INFORMATION SHOWN ▸
########
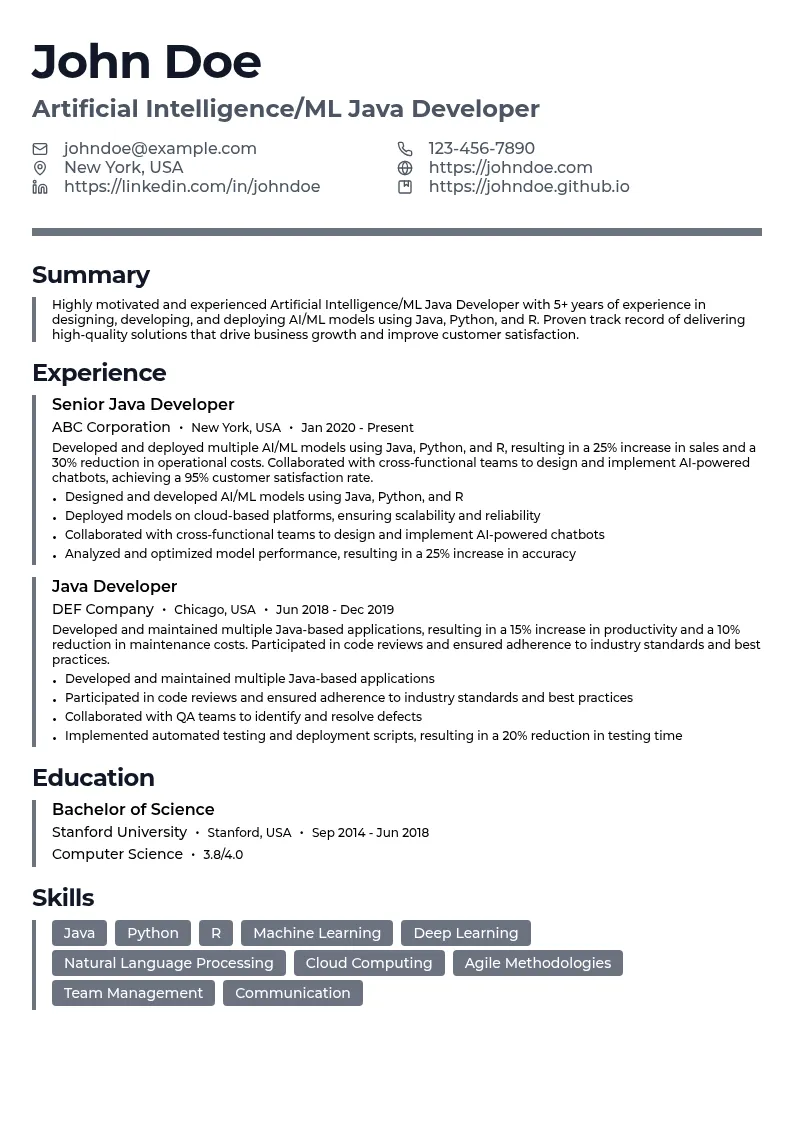 Artificial Intelligence/ML Java Developer resume example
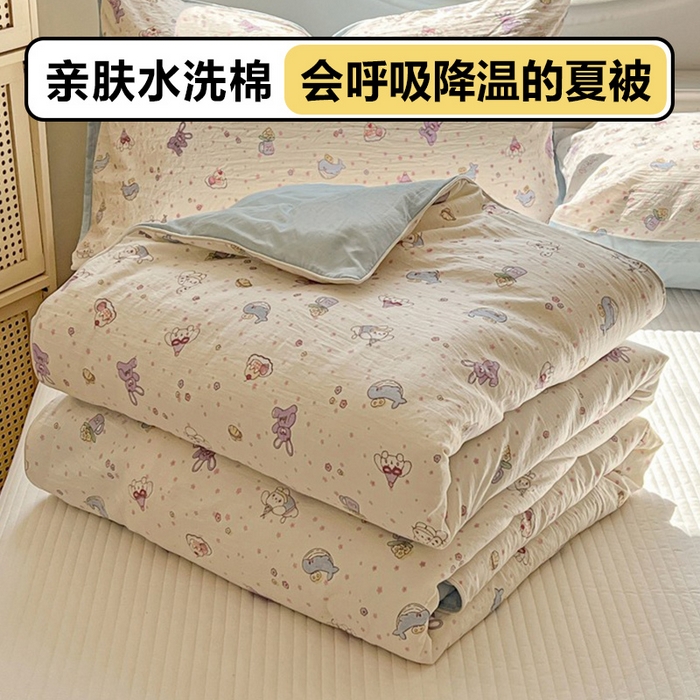 91家纺网 家纺一手货源 找家纺 （总）苏羿家纺 2026春夏新款A类踩棉工艺凉感丝印花夏被夏凉被空调被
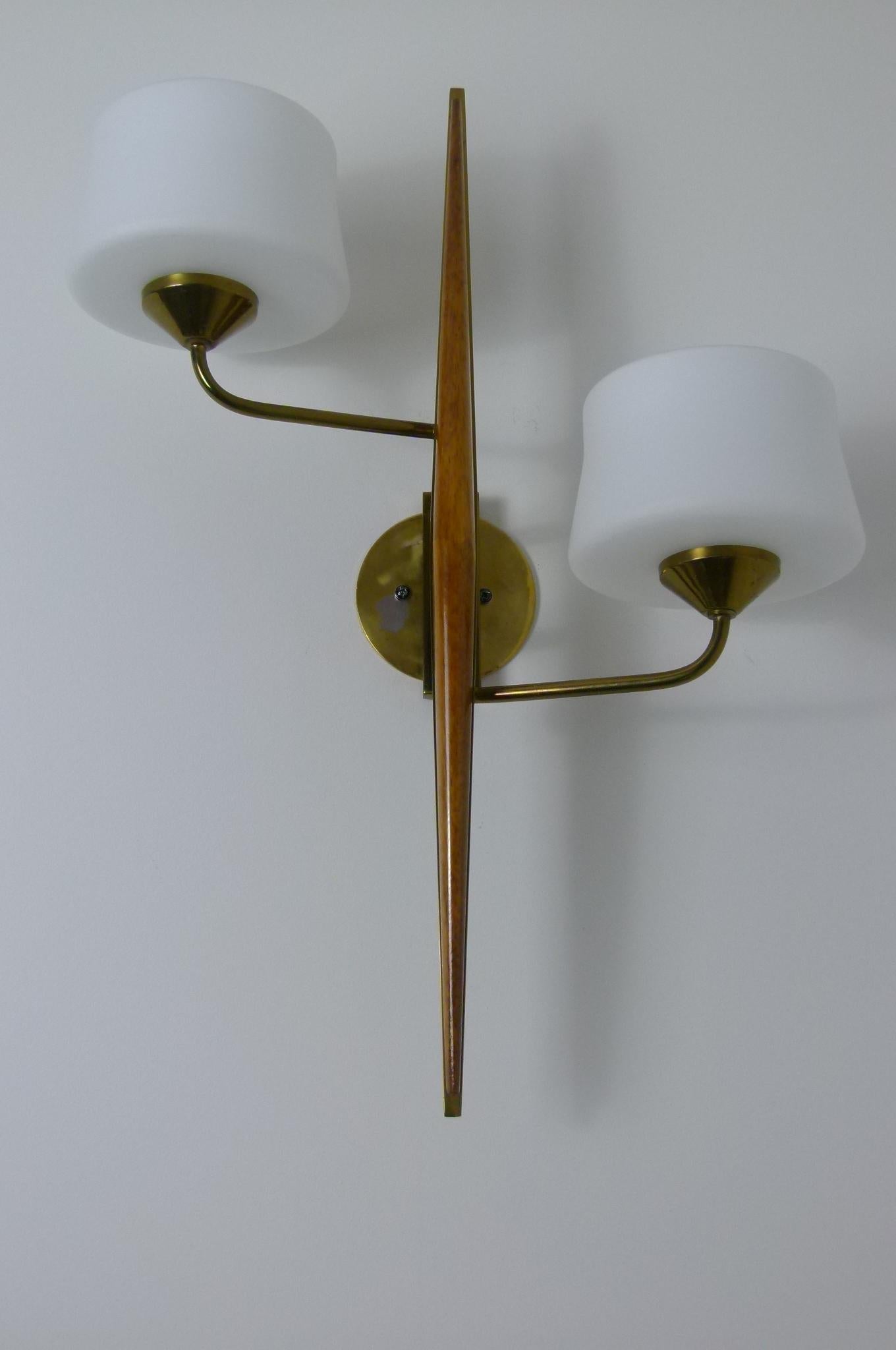 French Pair of 1950s Double Sconces in Opalin Glass by Maison Lunel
########
Transcribe the listing above verbatim. No picture belongs in the result.

 Artificial Intelligence/ML Java Developer resume example
 91家纺网 家纺一手货源 找家纺 （总）苏羿家纺 2026春夏新款A类踩棉工艺凉感丝印花夏被夏凉被空调被
 French Pair of 1950s Double Sconces in Opalin Glass by Maison Lunel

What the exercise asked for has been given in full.